### DATA SHOWN:
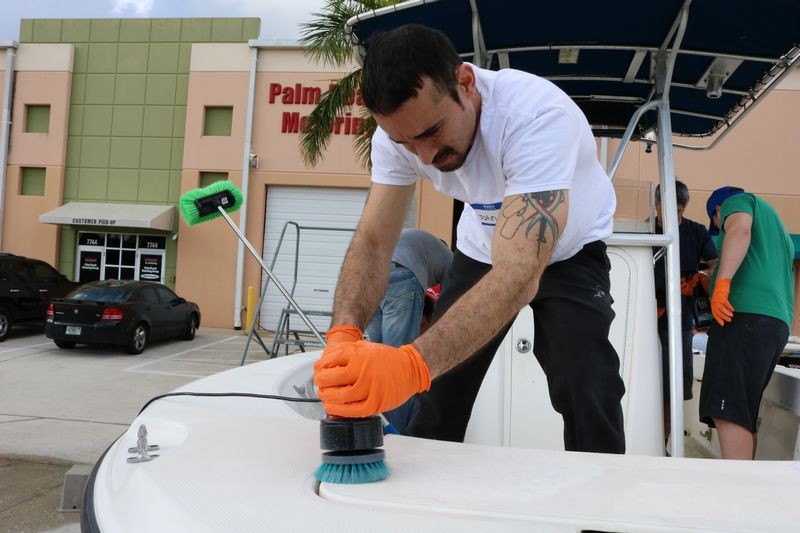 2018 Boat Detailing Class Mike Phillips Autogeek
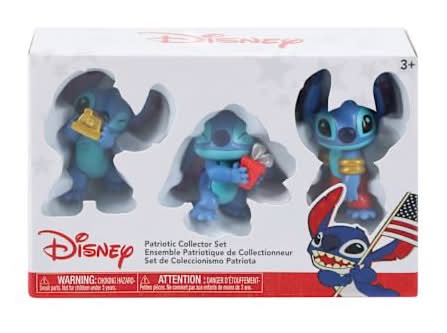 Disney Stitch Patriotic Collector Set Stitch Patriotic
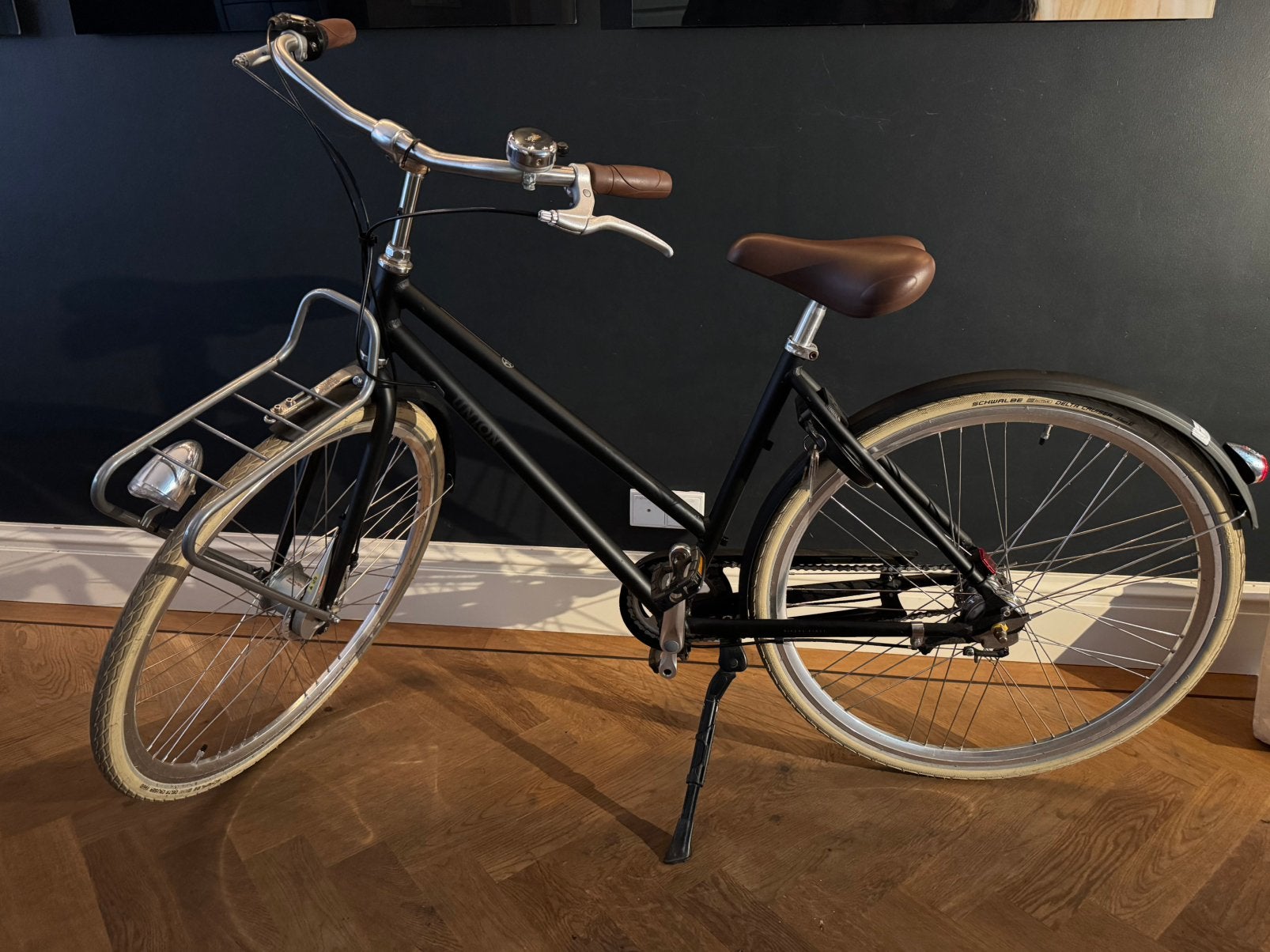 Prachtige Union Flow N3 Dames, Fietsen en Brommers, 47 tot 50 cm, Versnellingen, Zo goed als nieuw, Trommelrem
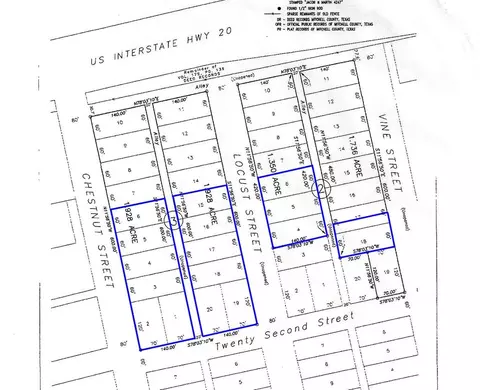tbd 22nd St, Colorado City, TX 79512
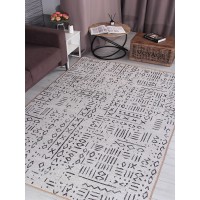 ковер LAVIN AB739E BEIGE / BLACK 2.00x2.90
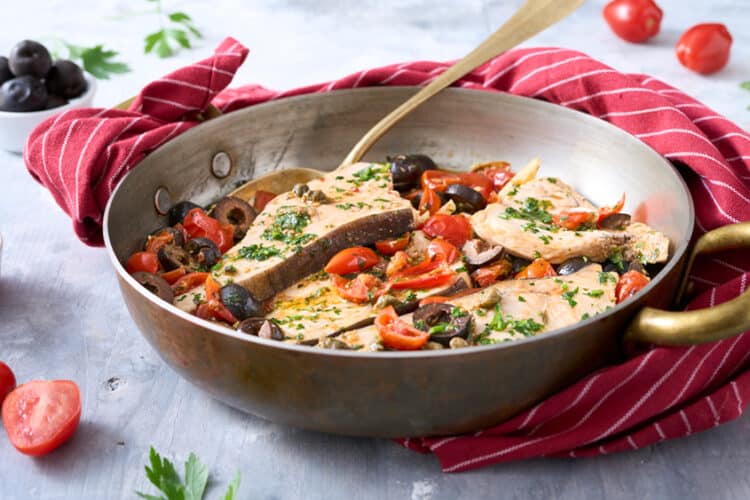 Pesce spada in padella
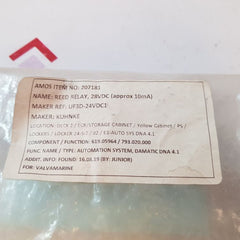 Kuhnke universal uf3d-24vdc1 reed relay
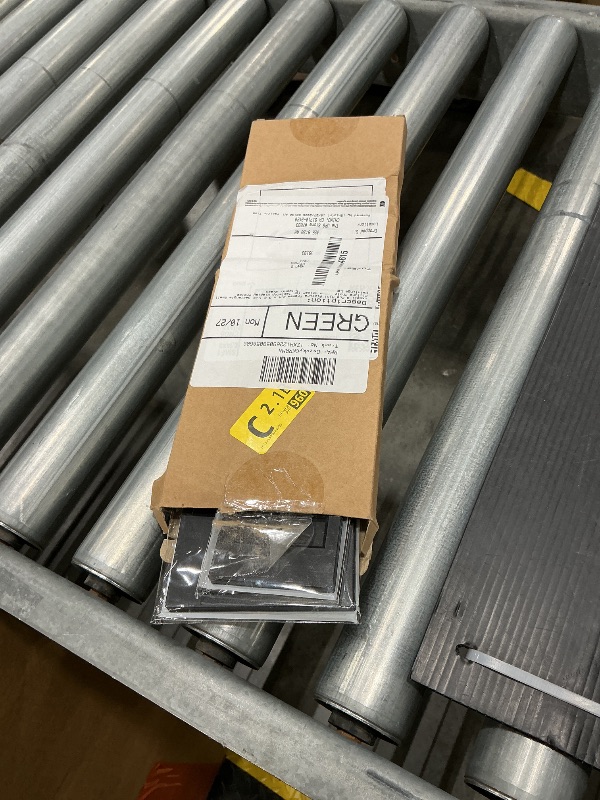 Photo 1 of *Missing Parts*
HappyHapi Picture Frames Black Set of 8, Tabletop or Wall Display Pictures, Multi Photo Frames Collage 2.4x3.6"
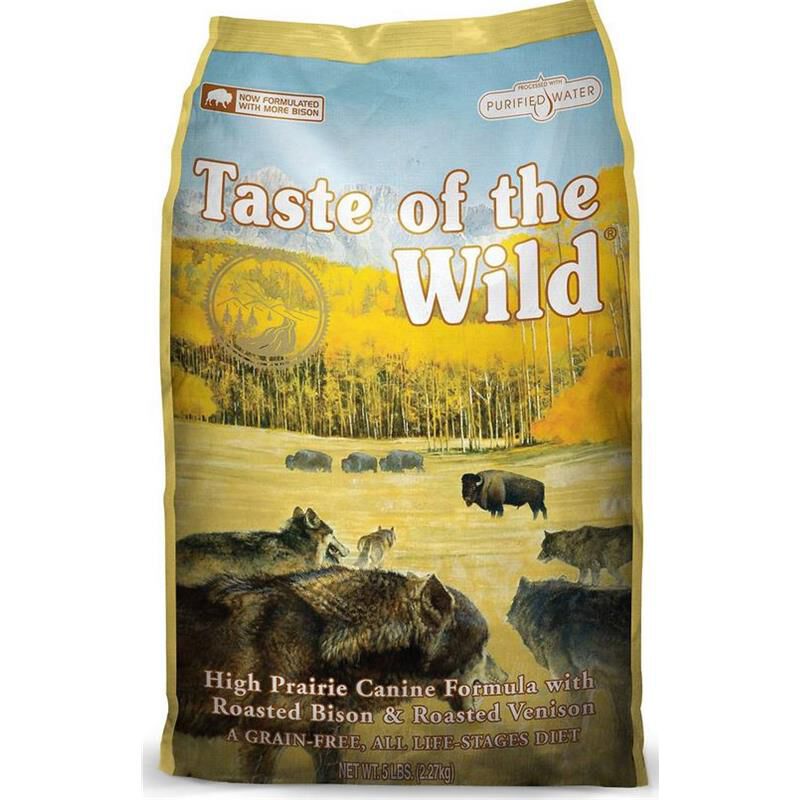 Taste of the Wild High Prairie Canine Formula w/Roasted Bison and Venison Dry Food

### TASK GOAL:
Skip every picture and retype only the lines from the line with "Photo 1 of *Missing Parts*" through the last line of the listing, both ends included, exactly as they appear.

### YOUR SOLUTION:
 Photo 1 of *Missing Parts*
HappyHapi Picture Frames Black Set of 8, Tabletop or Wall Display Pictures, Multi Photo Frames Collage 2.4x3.6"
 Taste of the Wild High Prairie Canine Formula w/Roasted Bison and Venison Dry Food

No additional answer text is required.